[Problem description]
Every line below from the one with "Detail Gallery Image" through the one with "Mercedes-Benz A-Class 2022 — фото 7" should be retyped exactly, both ends included; no other lines and no pictures.

[Task data]
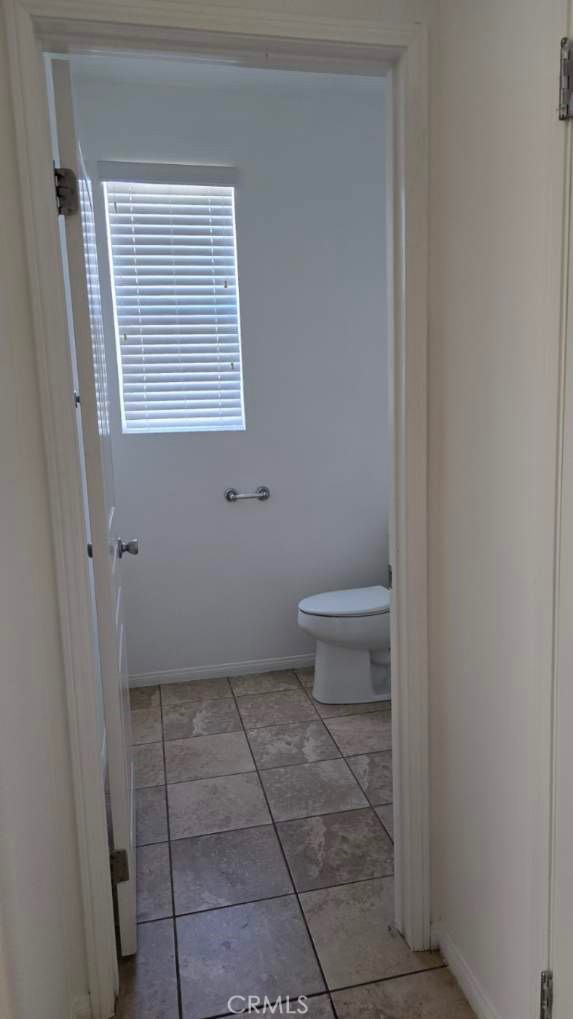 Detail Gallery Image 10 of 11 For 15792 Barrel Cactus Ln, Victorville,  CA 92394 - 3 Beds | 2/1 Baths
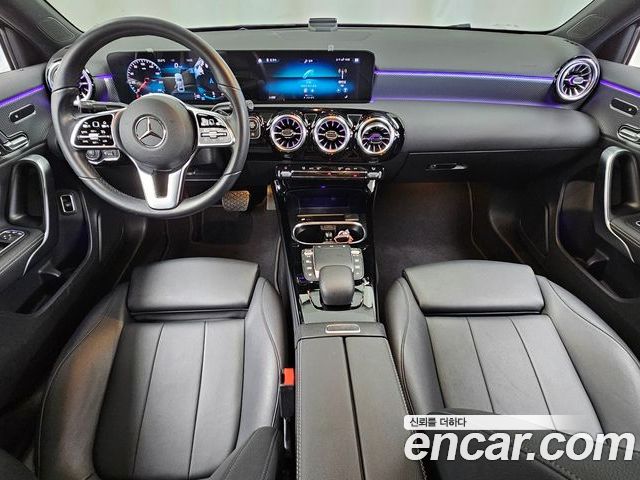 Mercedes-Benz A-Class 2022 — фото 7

* * *

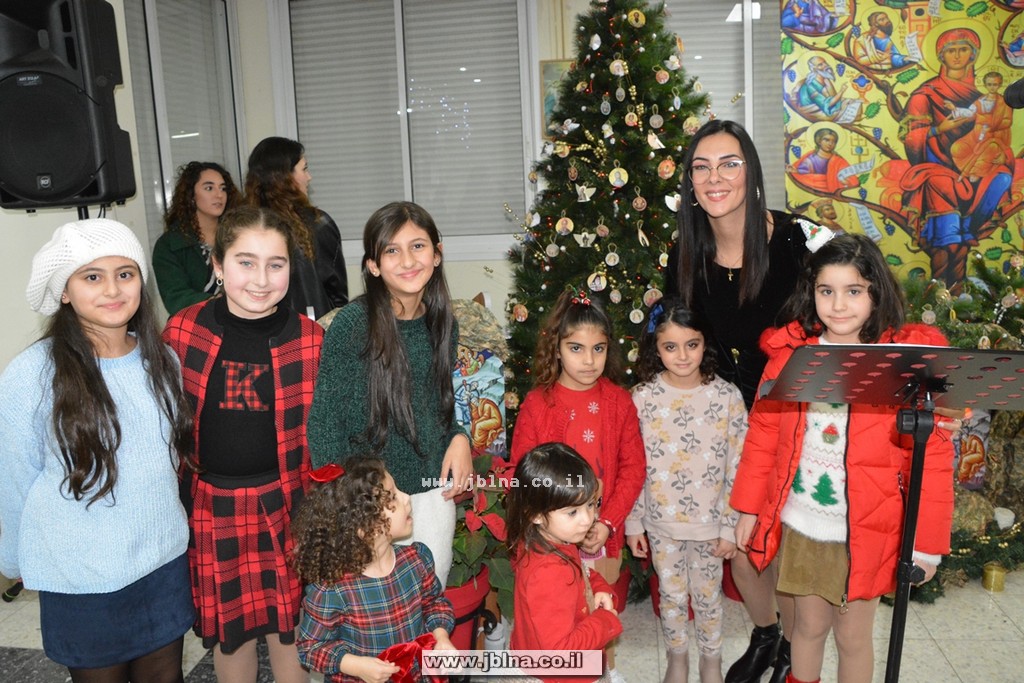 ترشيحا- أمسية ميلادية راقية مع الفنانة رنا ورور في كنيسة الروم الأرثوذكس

[Task output]
 Detail Gallery Image 10 of 11 For 15792 Barrel Cactus Ln, Victorville,  CA 92394 - 3 Beds | 2/1 Baths
 Mercedes-Benz A-Class 2022 — фото 7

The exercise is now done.